The top frequently asked a question on the Innovation Center for US Dairy’s website is: “Does chocolate milk come from brown cows?”.
The answer is polite and clear:
“Actually, chocolate milk – or any flavored milk for that matter – is white cow’s milk with added flavoring and sweeteners”.
Yet, a survey by the Center showed that a whopping 7 percent of Americans, or 16.4 million people nationwide, still believe that chocolate milk comes directly out of a brown cow.
What’s more, 48% of respondents admitted they weren’t sure where chocolate milk comes from, which is about 154,272,000 potential voters who are not actually sure that the answer is simply ”cows”!
This is just an example that many Americans are completely uninformed about where their food comes from.
Moreover, a study conducted by the Innovation Center for US Dairy found that 37 percent of people secretly drank milk straight out of the container in the fridge, in extremely poor milk/fridge etiquette, and another 29% use their children as an excuse to buy chocolate milk for themselves.
According to The Washington Post:
“For decades, observers in agriculture, nutrition, and education have griped that many Americans are basically agriculturally illiterate. They don’t know where food is grown, how it gets to stores — or even, in the case of chocolate milk, what’s in it.
One Department of Agriculture study, commissioned in the early ’90s, found that nearly 1 in 5 adults did not know that hamburgers are made from beef. Many more lacked familiarity with basic farming facts, like how big U.S. farms typically are and what food animals eat.

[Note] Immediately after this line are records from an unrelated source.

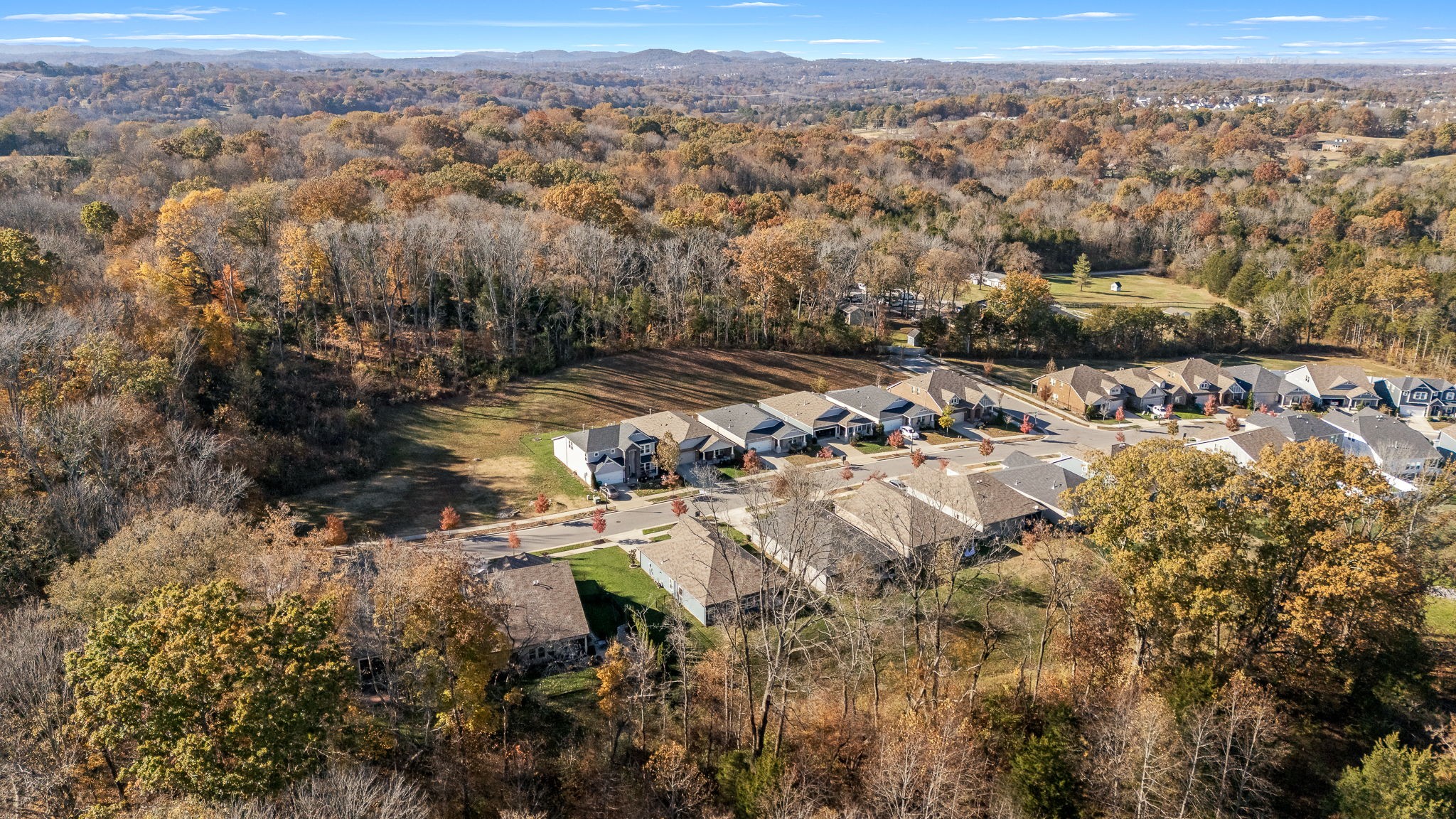 2525 Prairie Hill Dr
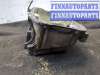 купить Поддон на Opel Astra H 2004-2010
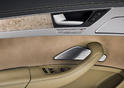 2011 Audi A8L 27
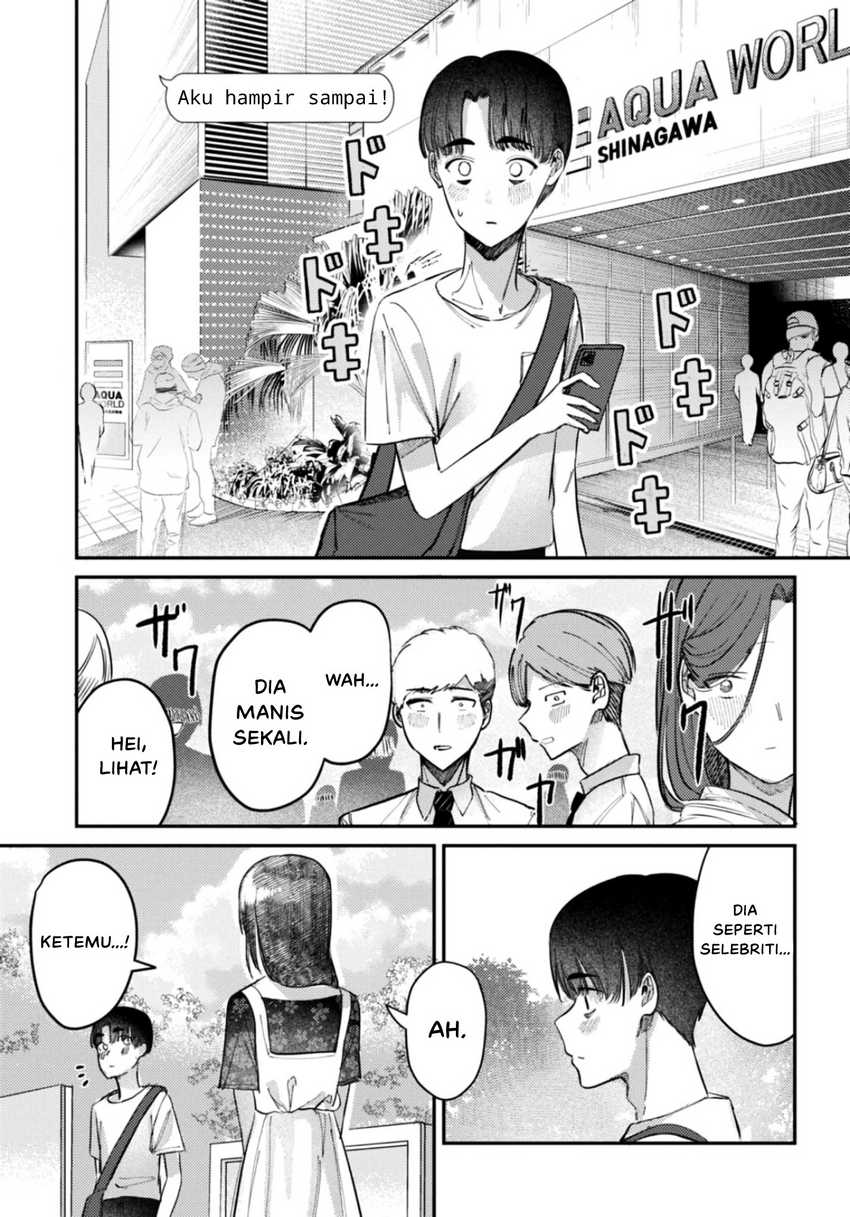 Chapter 26 - halaman 2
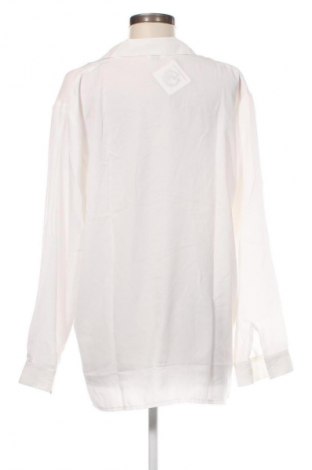 Damenbluse Unbranded, Größe XL, Farbe Weiß, Preis € 7,99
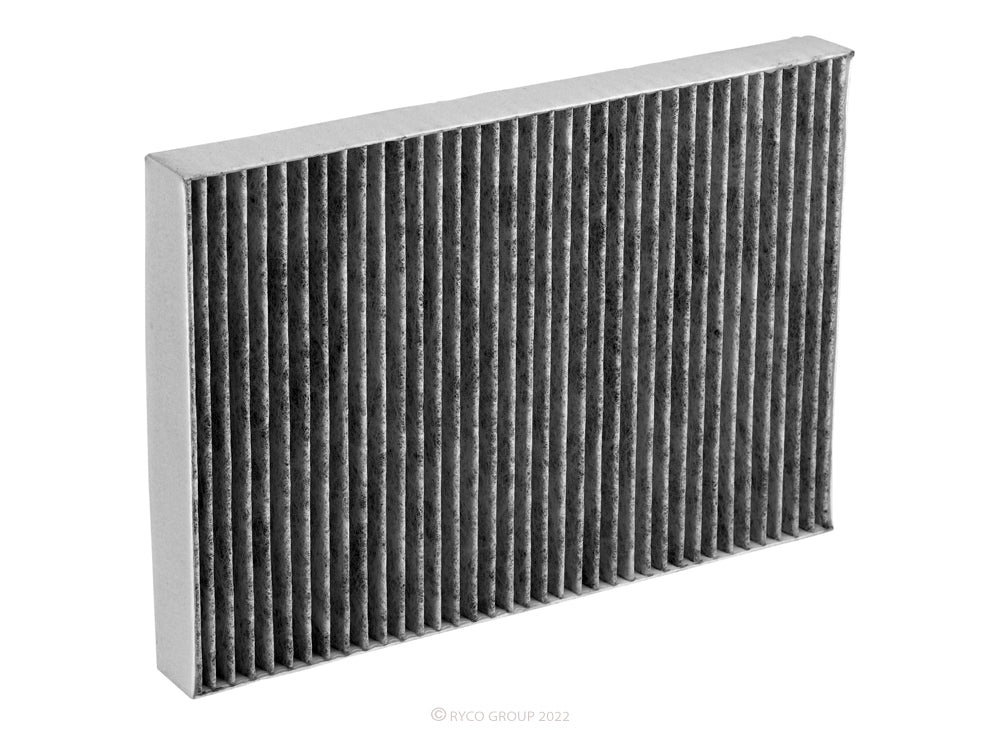 Ryco RCA177C Cabin Air Filter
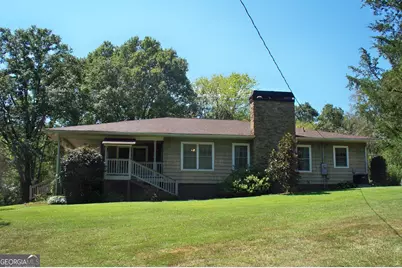 1110 Fieldcrest Court, Buckhead, GA 30625 - Photo 68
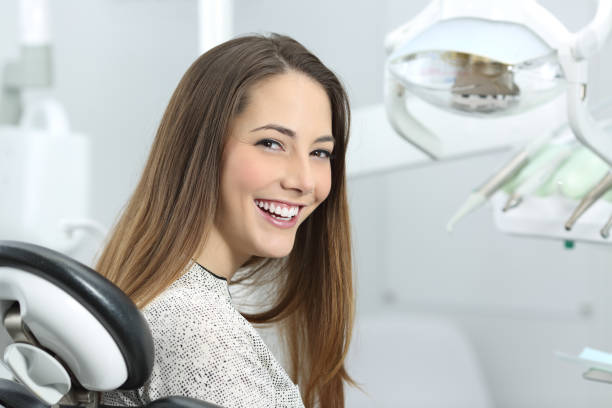 Best Pediatric Dentistry  in Somerville, TN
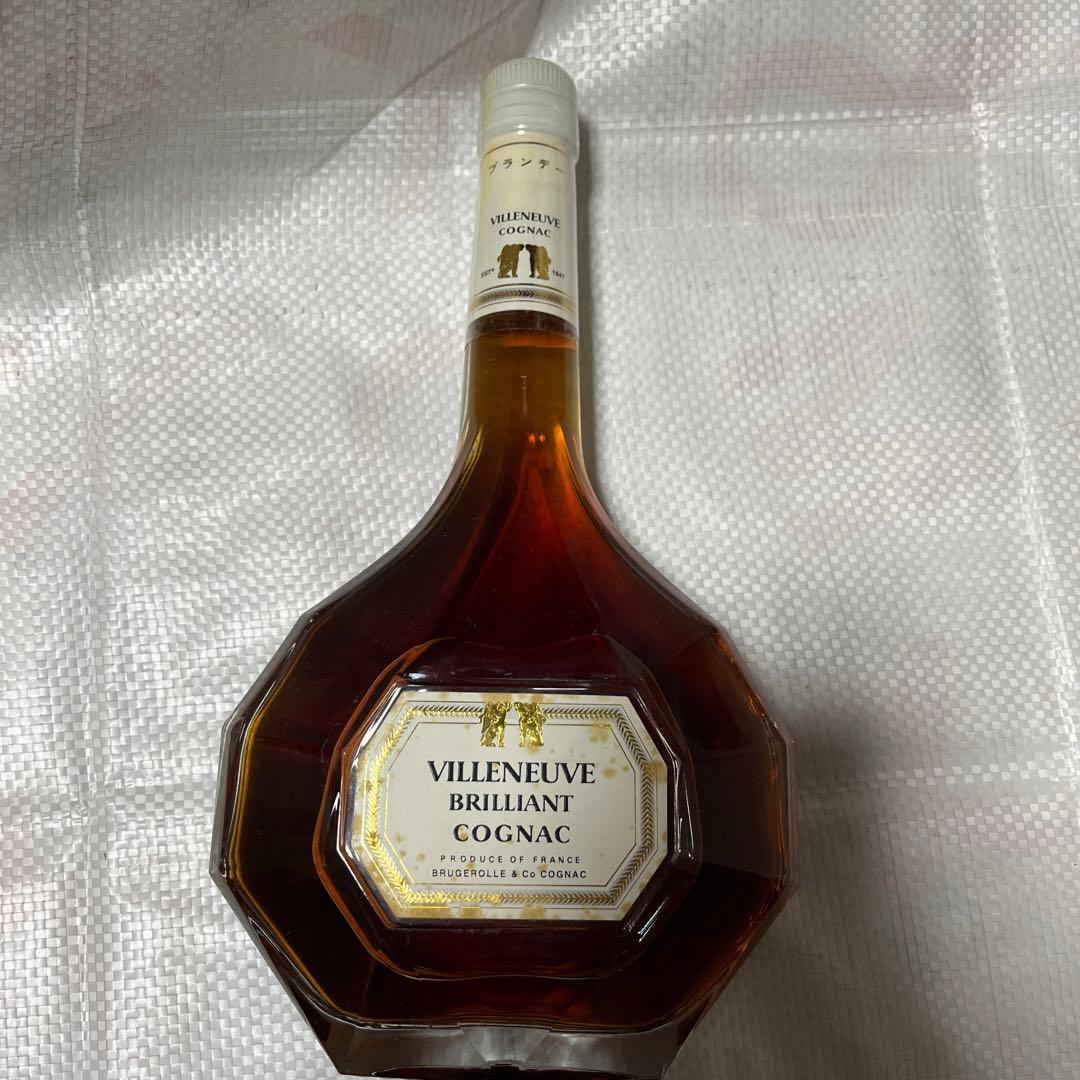 古酒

Experts in ag education aren’t convinced that much has changed in the intervening decades.
“At the end of the day, it’s an exposure issue,” said Cecily Upton, co-founder of the nonprofit FoodCorps, which brings agricultural and nutrition education into elementary schools. “Right now, we’re conditioned to think that if you need food, you go to the store. Nothing in our educational framework teaches kids where food comes from before that point.”
“When one team of researchers interviewed fourth-, fifth- and sixth-graders at an urban California school, they found that more than half of them didn’t know pickles were cucumbers, or that onions and lettuce were plants. Four in 10 didn’t know that hamburgers came from cows. And 3 in 10 didn’t know that cheese is made from milk.
“All informants recalled the names of common foods in raw form and most knew foods were grown on farms or in gardens,” the researchers concluded. “They did not, however, possess schema necessary to articulate an understanding of post-production activities nor the agricultural crop origin of common foods.”
The writer and historian Ann Vileisis says:
“Indifference about the origins and production of foods became a norm of urban culture, laying the groundwork for a modern food sensibility that would spread all across America in the decades that followed. Within a relatively brief period, the average distance from farm to the kitchen had grown from a short walk down the garden path to a convoluted, 1,500-mile energy-guzzling journey by rail and truck.”